Immer mehr Flüchtlinge zieht es aus Serbien, der Ukraine, Russland, Irak, Syrien und auch aus vielen kleinen westafrikanischen Staaten nach Schwerin. Doch nicht alle werden aufgenommen. Wenn der Asylantrag abgelehnt wird, legen immer mehr Hilfesuchende Widerspruch ein. Diese Streitfälle landen dann vor dem Verwaltungsgericht. „Es ist eine wahre Flut von Asylverfahren. Für uns kaum zu schaffen“, erzählt Dr.
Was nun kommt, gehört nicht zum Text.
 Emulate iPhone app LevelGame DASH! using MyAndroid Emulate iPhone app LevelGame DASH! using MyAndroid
Joachim Kronisch, Präsident des Verwaltungsgerichts in Schwerin.

Im vergangenen Jahr gab es 2100 asylrechtliche Hauptverfahren. Insgesamt beschäftigte sich das Verwaltungsgericht mit 3600 Streitfällen. Die asylrechtlichen Streitigkeiten machten einen Anteil von 57 Prozent aus, wie das Verwaltungsgericht Schwerin auf SVZ-Nachfrage mitteilte.
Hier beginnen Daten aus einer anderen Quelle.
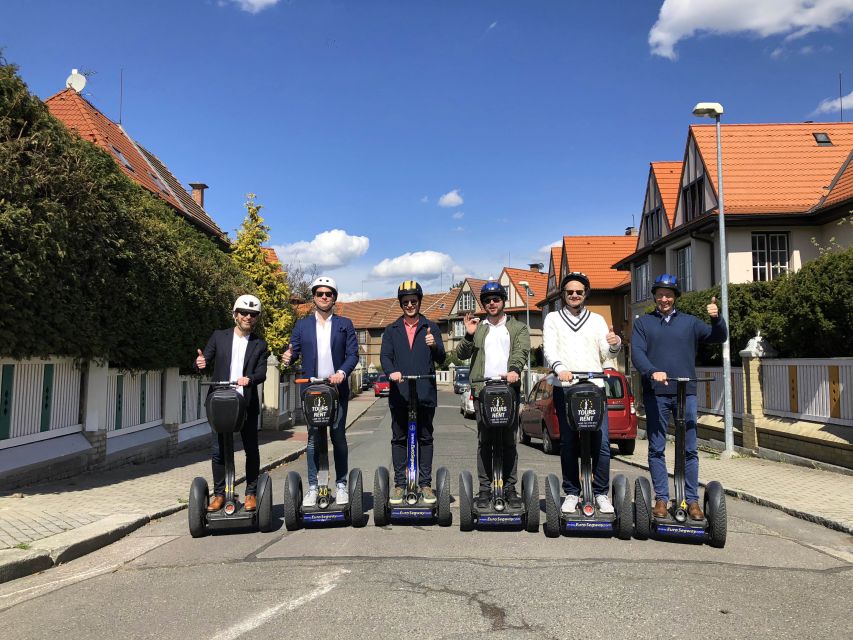 Prague: Castle and Monastery Segway Tour - Which guide style suits you?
In den ersten sechs Wochen dieses Jahres sind bereits 1500 Eingänge dazugekommen. Im vorigen Jahr seien es täglich noch sechs Zugänge gewesen, in diesem Jahr kämen pro Tag zehn Asylstreitigkeiten dazu.

„Das ist aber noch nicht alles. Obendrauf kamen in den ersten Wochen des Jahres 350 Eilverfahren“, berichtet Kronisch. In diesen Verfahren versuchen Asylbewerber ihre drohende Abschiebung abzuwenden. Und das muss schnell gehen: „Ein Eilverfahren muss innerhalb von einer Woche bearbeitet und abgeschlossen sein“, erklärt Kronisch.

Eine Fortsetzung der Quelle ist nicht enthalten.